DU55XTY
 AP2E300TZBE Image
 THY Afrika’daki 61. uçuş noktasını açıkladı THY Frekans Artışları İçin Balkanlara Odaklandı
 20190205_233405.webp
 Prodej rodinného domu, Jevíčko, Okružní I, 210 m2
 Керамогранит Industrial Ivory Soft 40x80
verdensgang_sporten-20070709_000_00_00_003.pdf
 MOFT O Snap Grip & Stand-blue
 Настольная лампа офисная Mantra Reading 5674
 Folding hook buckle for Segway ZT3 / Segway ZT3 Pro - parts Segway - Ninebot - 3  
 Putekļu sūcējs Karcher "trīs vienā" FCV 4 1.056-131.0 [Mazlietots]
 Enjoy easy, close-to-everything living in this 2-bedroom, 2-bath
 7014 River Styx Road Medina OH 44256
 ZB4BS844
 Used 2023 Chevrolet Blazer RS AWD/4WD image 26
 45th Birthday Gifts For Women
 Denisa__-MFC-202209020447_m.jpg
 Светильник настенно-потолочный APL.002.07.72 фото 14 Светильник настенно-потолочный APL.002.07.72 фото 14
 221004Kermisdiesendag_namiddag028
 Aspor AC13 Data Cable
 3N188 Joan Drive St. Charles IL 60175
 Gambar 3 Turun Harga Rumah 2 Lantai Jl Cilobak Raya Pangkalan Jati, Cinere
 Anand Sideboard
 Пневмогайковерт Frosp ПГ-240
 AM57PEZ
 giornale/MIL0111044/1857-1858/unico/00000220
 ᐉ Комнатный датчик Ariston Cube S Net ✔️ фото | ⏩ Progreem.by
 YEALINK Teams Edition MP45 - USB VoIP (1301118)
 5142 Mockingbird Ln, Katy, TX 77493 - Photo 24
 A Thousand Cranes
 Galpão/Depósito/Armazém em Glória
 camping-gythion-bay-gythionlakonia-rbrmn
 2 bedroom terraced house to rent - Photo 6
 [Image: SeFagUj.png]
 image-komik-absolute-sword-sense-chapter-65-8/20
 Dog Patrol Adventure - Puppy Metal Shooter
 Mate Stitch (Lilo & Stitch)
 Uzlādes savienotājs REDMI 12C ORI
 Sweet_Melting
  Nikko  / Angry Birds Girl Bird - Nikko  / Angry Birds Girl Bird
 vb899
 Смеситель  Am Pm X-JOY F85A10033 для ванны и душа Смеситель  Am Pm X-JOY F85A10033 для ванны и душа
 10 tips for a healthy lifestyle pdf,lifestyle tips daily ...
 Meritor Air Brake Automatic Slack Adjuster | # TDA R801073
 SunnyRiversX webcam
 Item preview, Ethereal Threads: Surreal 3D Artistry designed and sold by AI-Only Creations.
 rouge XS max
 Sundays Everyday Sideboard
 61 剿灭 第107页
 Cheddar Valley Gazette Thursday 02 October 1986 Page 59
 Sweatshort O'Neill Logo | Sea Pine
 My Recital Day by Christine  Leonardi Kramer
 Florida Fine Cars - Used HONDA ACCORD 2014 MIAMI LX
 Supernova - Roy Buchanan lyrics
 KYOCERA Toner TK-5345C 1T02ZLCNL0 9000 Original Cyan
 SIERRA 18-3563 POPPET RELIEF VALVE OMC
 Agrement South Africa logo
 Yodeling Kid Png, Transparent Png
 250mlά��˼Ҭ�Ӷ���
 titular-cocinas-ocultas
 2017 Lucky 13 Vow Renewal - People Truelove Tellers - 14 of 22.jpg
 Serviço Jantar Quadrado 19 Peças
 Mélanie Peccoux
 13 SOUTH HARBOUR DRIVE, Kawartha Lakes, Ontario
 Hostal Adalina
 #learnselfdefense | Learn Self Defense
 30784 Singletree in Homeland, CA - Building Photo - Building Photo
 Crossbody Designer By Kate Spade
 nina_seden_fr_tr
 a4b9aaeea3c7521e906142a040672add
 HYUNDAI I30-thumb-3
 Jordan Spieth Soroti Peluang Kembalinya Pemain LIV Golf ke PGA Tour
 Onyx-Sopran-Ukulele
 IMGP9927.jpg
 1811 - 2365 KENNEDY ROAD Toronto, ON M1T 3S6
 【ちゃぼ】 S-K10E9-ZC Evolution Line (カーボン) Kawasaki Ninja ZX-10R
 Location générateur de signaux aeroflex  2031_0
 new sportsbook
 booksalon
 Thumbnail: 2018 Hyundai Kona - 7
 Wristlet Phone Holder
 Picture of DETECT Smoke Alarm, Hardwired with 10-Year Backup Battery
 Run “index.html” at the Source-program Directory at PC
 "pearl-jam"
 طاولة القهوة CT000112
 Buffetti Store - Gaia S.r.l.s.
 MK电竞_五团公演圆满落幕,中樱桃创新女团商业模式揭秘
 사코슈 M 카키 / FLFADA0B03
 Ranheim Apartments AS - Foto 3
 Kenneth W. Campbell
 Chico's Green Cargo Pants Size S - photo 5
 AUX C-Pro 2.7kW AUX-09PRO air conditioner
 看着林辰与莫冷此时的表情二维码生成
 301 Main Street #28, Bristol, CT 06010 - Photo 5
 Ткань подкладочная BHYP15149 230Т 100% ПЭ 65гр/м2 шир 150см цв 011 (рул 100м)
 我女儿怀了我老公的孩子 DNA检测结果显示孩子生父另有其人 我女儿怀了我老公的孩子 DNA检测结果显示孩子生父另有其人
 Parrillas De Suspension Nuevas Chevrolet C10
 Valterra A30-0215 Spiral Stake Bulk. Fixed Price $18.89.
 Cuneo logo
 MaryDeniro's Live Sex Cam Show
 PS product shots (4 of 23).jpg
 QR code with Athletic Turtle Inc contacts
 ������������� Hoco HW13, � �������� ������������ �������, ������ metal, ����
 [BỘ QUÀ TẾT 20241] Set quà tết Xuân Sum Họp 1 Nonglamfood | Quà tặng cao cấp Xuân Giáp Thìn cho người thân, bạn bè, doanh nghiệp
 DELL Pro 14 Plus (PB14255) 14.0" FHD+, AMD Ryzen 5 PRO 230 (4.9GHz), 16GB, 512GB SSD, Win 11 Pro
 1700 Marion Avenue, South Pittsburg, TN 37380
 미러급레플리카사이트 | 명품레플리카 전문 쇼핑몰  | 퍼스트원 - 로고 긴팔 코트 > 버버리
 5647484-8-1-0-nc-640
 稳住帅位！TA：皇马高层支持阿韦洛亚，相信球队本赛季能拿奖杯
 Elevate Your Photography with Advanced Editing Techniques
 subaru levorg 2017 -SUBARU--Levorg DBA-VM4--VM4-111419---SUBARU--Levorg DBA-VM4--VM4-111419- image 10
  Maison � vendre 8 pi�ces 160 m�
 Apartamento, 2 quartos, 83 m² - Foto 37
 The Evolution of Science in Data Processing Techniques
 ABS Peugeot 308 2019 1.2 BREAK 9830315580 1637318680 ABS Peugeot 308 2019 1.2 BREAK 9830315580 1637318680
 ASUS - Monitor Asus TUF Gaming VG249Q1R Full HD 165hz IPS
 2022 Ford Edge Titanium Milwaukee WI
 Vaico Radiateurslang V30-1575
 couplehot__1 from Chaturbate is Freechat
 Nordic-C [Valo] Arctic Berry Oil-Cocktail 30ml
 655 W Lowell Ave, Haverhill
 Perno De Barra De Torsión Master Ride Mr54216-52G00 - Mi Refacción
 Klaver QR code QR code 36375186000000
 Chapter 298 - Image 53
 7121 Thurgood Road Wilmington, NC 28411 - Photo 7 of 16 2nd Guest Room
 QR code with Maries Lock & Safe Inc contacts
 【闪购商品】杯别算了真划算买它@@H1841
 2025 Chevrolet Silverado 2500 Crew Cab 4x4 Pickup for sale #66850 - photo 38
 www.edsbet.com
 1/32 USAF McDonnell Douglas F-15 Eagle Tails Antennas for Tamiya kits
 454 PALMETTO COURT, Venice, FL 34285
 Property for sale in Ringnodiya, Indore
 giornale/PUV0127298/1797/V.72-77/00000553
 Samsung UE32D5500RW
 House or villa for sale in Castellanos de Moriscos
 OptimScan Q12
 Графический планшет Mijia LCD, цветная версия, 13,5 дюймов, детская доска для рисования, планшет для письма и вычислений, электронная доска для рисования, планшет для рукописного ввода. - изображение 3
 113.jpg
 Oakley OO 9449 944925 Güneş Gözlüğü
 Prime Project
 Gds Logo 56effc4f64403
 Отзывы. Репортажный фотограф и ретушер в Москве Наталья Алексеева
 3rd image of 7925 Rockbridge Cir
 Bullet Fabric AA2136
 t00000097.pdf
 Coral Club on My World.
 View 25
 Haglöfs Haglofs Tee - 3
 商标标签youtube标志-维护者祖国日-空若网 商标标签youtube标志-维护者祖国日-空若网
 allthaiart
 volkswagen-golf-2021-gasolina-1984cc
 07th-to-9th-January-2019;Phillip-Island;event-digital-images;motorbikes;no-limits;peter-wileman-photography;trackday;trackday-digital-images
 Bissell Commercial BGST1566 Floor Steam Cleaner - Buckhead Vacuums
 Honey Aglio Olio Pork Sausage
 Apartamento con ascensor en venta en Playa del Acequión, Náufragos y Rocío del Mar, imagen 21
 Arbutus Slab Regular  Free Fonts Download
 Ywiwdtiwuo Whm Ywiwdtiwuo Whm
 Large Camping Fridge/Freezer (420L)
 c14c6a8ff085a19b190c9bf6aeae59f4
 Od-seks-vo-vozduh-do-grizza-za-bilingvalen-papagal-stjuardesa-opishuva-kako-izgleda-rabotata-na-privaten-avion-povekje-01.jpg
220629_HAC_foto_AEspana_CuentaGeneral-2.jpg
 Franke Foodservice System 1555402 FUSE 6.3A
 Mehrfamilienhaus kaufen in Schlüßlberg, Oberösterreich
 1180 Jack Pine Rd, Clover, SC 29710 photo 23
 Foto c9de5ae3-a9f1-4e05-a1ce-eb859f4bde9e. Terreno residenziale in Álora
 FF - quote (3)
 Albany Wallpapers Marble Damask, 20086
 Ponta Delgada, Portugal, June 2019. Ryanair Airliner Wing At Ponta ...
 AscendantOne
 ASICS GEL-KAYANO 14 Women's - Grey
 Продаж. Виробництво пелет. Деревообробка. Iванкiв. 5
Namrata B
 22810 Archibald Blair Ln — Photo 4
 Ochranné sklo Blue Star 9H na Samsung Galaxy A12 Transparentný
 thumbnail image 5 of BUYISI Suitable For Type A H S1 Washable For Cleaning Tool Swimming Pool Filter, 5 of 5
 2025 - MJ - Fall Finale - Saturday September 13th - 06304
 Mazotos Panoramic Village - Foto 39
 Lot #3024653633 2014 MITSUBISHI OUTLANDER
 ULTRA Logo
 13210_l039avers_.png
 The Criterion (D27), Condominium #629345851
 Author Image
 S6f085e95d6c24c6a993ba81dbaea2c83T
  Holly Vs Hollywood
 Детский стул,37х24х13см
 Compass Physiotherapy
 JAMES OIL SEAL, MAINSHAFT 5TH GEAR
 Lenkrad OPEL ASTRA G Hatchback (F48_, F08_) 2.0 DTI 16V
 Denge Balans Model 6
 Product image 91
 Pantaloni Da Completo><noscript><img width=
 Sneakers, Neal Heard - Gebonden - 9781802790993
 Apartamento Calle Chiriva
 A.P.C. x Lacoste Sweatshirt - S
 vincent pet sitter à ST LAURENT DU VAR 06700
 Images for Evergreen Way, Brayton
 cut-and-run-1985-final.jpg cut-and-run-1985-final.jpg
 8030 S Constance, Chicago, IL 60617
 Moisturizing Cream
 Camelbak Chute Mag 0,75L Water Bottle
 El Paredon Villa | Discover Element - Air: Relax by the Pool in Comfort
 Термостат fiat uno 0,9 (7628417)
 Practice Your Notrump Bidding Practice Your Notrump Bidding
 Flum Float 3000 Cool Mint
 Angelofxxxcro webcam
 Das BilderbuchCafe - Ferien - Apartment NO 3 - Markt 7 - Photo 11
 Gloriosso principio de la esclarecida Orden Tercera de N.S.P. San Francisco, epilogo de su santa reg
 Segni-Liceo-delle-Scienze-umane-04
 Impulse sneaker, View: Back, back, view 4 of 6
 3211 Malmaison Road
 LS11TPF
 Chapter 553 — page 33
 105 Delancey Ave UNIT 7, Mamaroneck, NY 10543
───
● **Task to complete**
Starting at the line with "At Ponta ..." and ending at the line with "Термостат fiat uno 0,9 (7628417)", print each line of the listing above exactly, with no other lines.

● **Exercise result**
 Ponta Delgada, Portugal, June 2019. Ryanair Airliner Wing At Ponta ...
 AscendantOne
 ASICS GEL-KAYANO 14 Women's - Grey
 Продаж. Виробництво пелет. Деревообробка. Iванкiв. 5
Namrata B
 22810 Archibald Blair Ln — Photo 4
 Ochranné sklo Blue Star 9H na Samsung Galaxy A12 Transparentný
 thumbnail image 5 of BUYISI Suitable For Type A H S1 Washable For Cleaning Tool Swimming Pool Filter, 5 of 5
 2025 - MJ - Fall Finale - Saturday September 13th - 06304
 Mazotos Panoramic Village - Foto 39
 Lot #3024653633 2014 MITSUBISHI OUTLANDER
 ULTRA Logo
 13210_l039avers_.png
 The Criterion (D27), Condominium #629345851
 Author Image
 S6f085e95d6c24c6a993ba81dbaea2c83T
  Holly Vs Hollywood
 Детский стул,37х24х13см
 Compass Physiotherapy
 JAMES OIL SEAL, MAINSHAFT 5TH GEAR
 Lenkrad OPEL ASTRA G Hatchback (F48_, F08_) 2.0 DTI 16V
 Denge Balans Model 6
 Product image 91
 Pantaloni Da Completo><noscript><img width=
 Sneakers, Neal Heard - Gebonden - 9781802790993
 Apartamento Calle Chiriva
 A.P.C. x Lacoste Sweatshirt - S
 vincent pet sitter à ST LAURENT DU VAR 06700
 Images for Evergreen Way, Brayton
 cut-and-run-1985-final.jpg cut-and-run-1985-final.jpg
 8030 S Constance, Chicago, IL 60617
 Moisturizing Cream
 Camelbak Chute Mag 0,75L Water Bottle
 El Paredon Villa | Discover Element - Air: Relax by the Pool in Comfort
 Термостат fiat uno 0,9 (7628417)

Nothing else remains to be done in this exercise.